== Data in this exercise ==
* * * * *

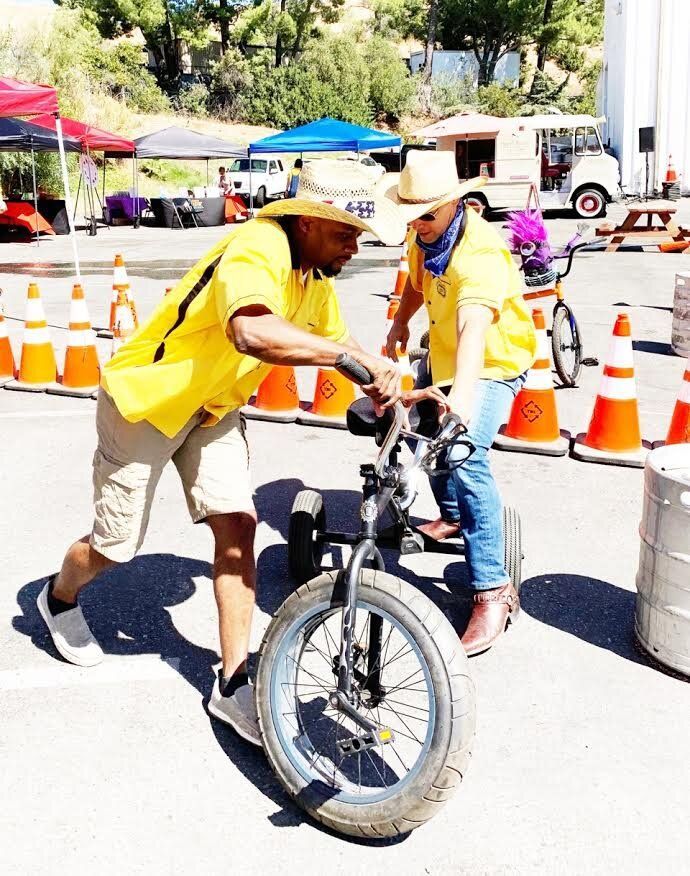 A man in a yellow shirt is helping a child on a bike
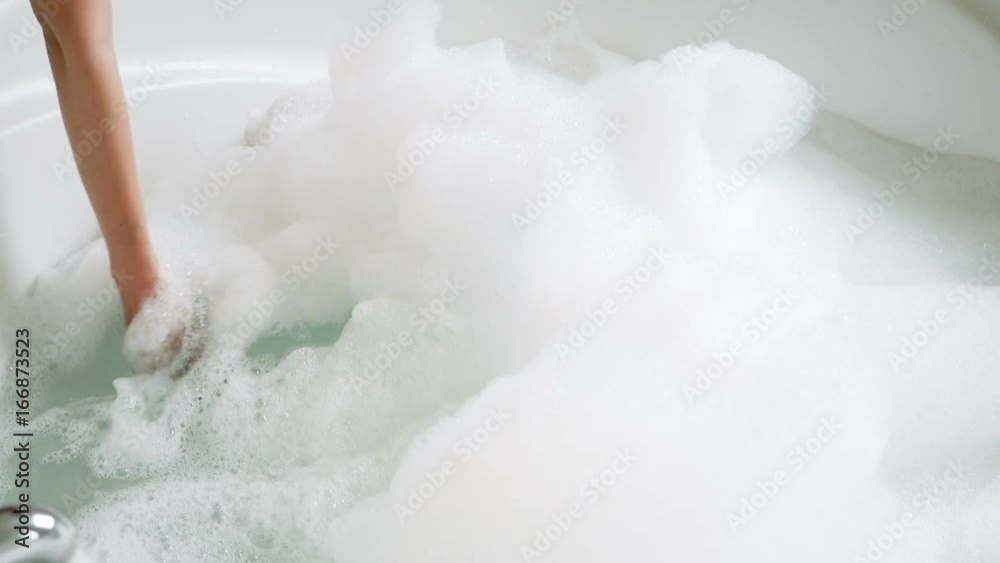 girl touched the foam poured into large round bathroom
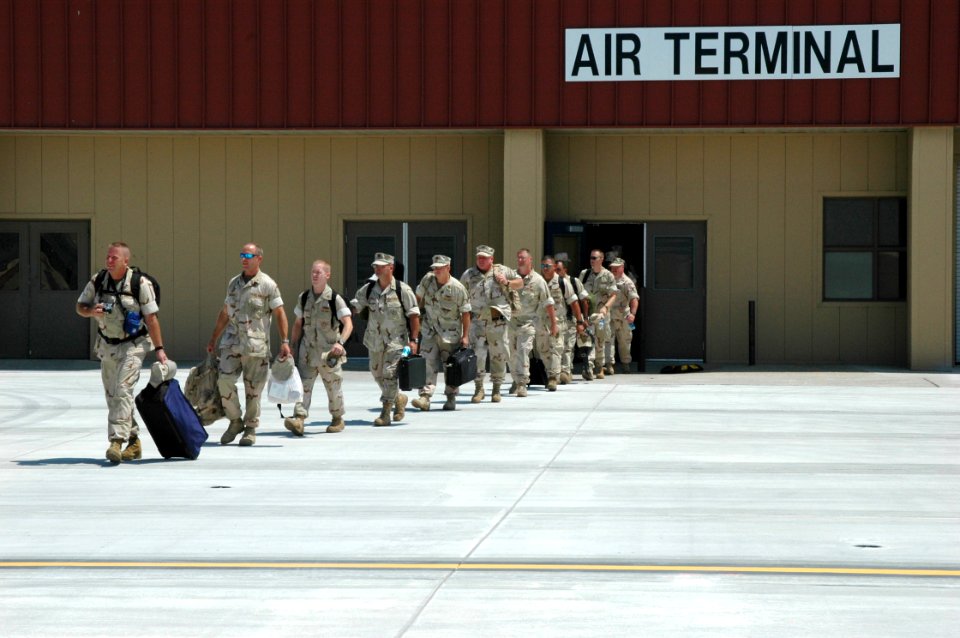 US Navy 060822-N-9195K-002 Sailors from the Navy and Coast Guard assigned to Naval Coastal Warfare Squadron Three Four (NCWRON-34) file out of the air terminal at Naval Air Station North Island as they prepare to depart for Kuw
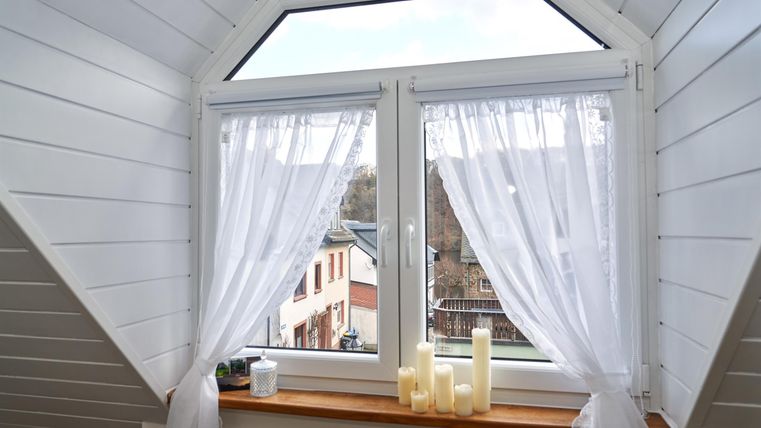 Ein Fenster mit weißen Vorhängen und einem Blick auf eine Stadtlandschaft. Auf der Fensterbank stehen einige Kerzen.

* * * * *

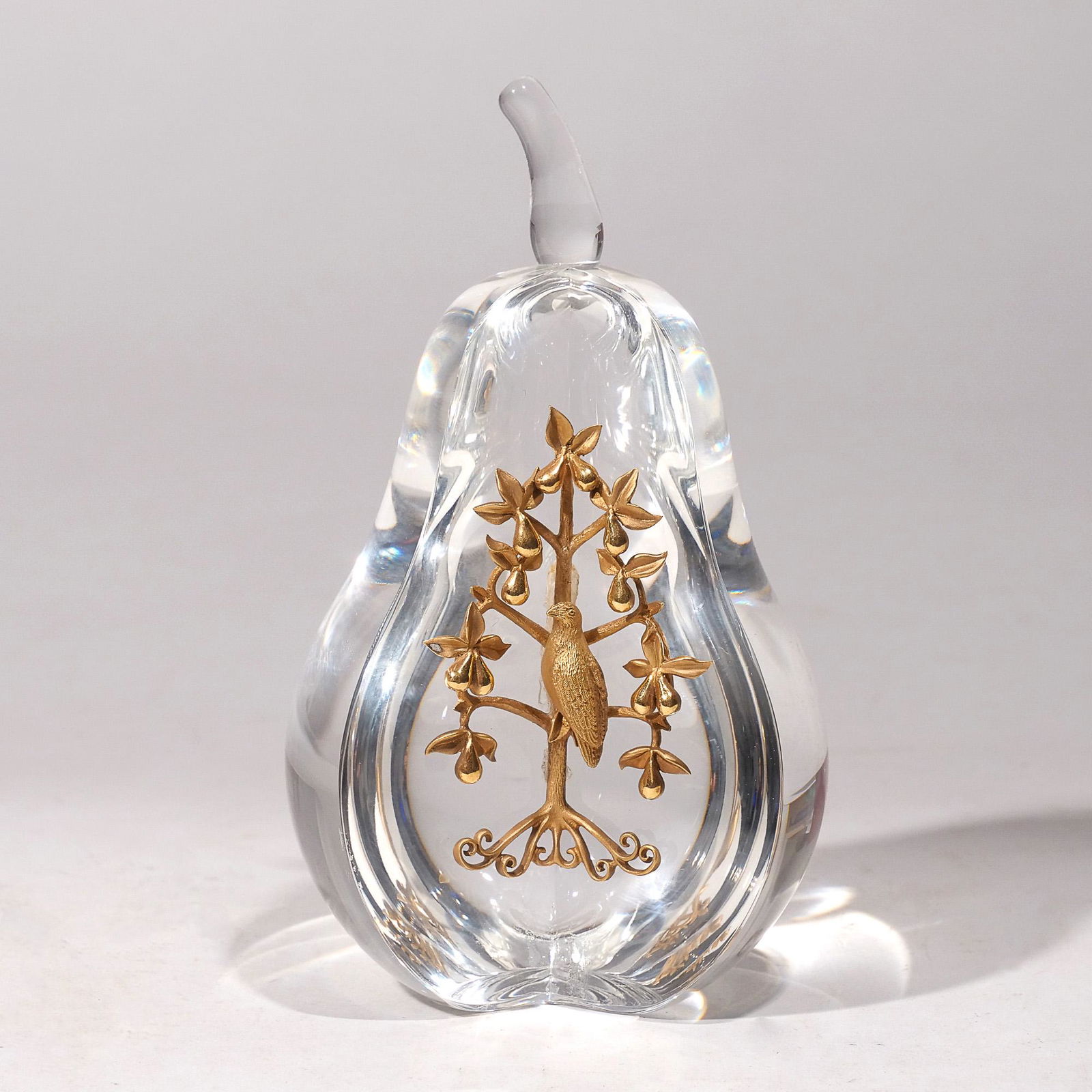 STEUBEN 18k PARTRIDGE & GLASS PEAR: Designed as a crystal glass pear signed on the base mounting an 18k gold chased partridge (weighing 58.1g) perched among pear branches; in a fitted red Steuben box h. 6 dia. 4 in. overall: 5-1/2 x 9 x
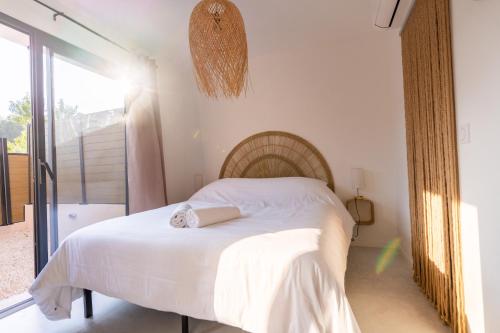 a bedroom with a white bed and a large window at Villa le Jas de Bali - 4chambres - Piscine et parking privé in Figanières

* * * * *

== What is expected ==
Please copy the lines above exactly, starting at the line that holds "A man in a yellow" and ending at the line that holds "Ein Fenster mit"; include both, but no pictures.

== Answer to this exercise ==
 A man in a yellow shirt is helping a child on a bike
 girl touched the foam poured into large round bathroom
 US Navy 060822-N-9195K-002 Sailors from the Navy and Coast Guard assigned to Naval Coastal Warfare Squadron Three Four (NCWRON-34) file out of the air terminal at Naval Air Station North Island as they prepare to depart for Kuw
 Ein Fenster mit weißen Vorhängen und einem Blick auf eine Stadtlandschaft. Auf der Fensterbank stehen einige Kerzen.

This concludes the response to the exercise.